Now I'm on what locals call the Pipeline Trail. It has a few steep ramps but mostly contours around a mountain and generally is a fun, rolling trail to follow. Along the way there are.....
....many fine views. The trail is above the very steep, Kent Springs Trail and eventually......
....skirts it but I bear right and head up a boulder strewn ravine. The trail remains easy to follow although without knowing to go up the ravine, it would be easy to continue on the Kent Springs Trail.
The hillsides are covered with pine needles. Such a different environment from what is a couple thousand feet below me. My hike started at 5400' elevation so the temperature difference is significant.
After perhaps 1.5 miles from the parking lot at the top of Madera Canyon, I reach this tree with an oddly shaped trunk. Here, a spur trail breaks left and it too is obvious.
So far, I've not seen any significant rock but rounding a corner, this has to be it. There are several options for climbing around and above it on the right. Reaching the back of the rock I am greeted with....
....a beautiful opening onto Roger's Rock. Don't ask. I have no idea the origination of the name.
The top of the Rock is relatively flat and expansive. Some good rock seats are available right at the edge.
California wild fires are having an impact on the views as smoke drifts to the east and fills our sky.
There is a really good example of a hedgehog growing on the Rock. The Rock was not my final destination. I read that a trail continues above it and in 2 miles, reaches Shovel Saddle. It was not my intent to go all the way, just scout the route so I continue up a ridge.
A lizard appears to be giving me the evil eye.
Surprisingly, the unofficial trail is easy to follow although brush is encroaching a bit.
Seeing that the route is much easier to follow then I thought, relieved, I turn around.

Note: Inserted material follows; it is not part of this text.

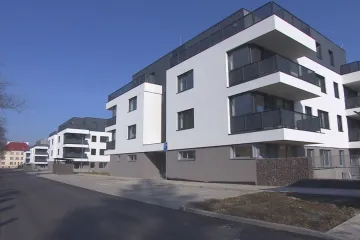 O družstevní byty je velký zájem. Menší města si od nich slibují, že jim udrží obyvatele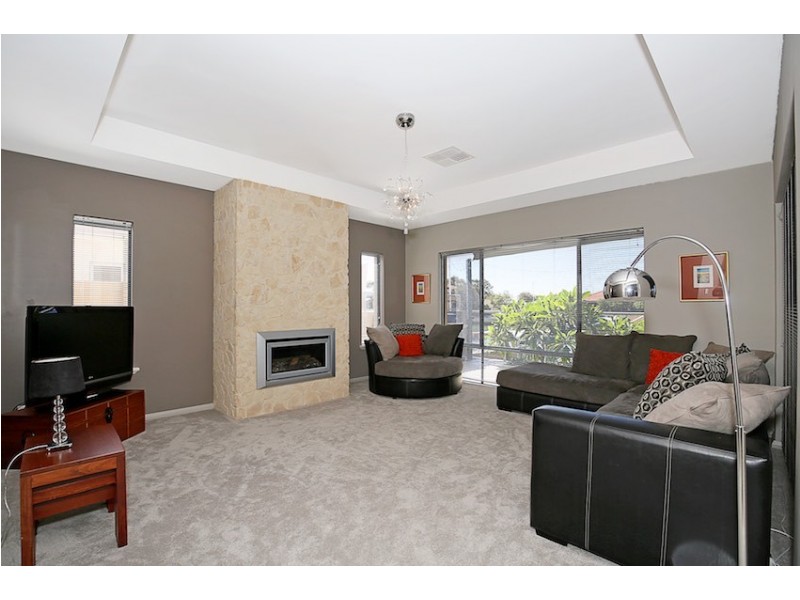 39 Erins Isle, Dudley Park WA 6210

When I reached the Pipeline Trail, I spotted a Border Patrol Agent, my 3rd encounter in the last week. I've enjoyed talking to each of them and their perspective. One thing has puzzled me though; I always assumed the drug runners and other border crossers used the network of washes to move through the area. I asked this guy about that and he said partly it was the availability of springs for drinking water but mainly, if a group is spotted (in this case there were 15 some where in this wilderness), it takes the agents hours to respond, gear up and hike. By that time, the group can be long gone. Finished with 5.2 miles and 1500' of climbing. Well, headed north to the Grand Canyon and much cooler temps. Will report back soon.